→ ACTION ITEM: Write all of the entries out again exactly, but not the images.

BEGIN DATA SHOWN

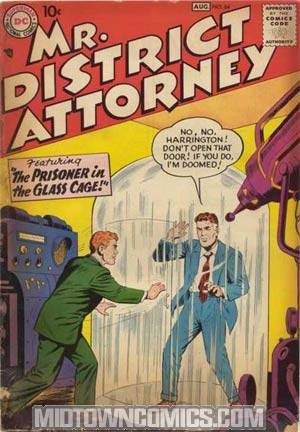 Mr District Attorney #64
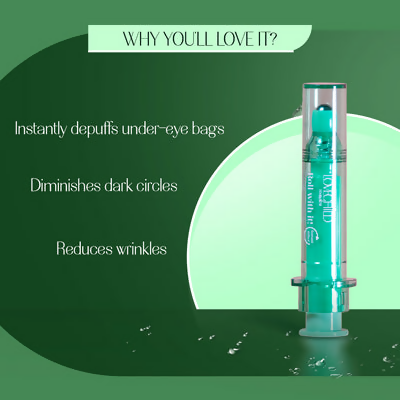 LoveChild By Masaba Gupta - Roll With It Under Eye Care | Grocsy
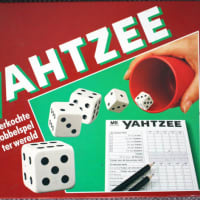 Yahtzee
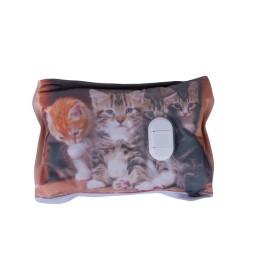BORSA CALDA RICARICABILE GATTI
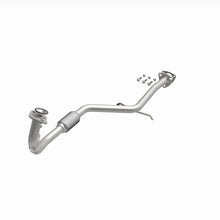 Load image into Gallery viewer, BRE Exhaust 99-05 Cavalier Sunfire 2.2L 2.4L Front Pipe Kit
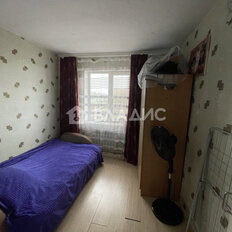 Квартира 47,9 м², 3-комнатная - изображение 3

END DATA SHOWN

→ RESULT FOR THIS EXERCISE:
 Mr District Attorney #64
 LoveChild By Masaba Gupta - Roll With It Under Eye Care | Grocsy
 Yahtzee
BORSA CALDA RICARICABILE GATTI
 Load image into Gallery viewer, BRE Exhaust 99-05 Cavalier Sunfire 2.2L 2.4L Front Pipe Kit
 Квартира 47,9 м², 3-комнатная - изображение 3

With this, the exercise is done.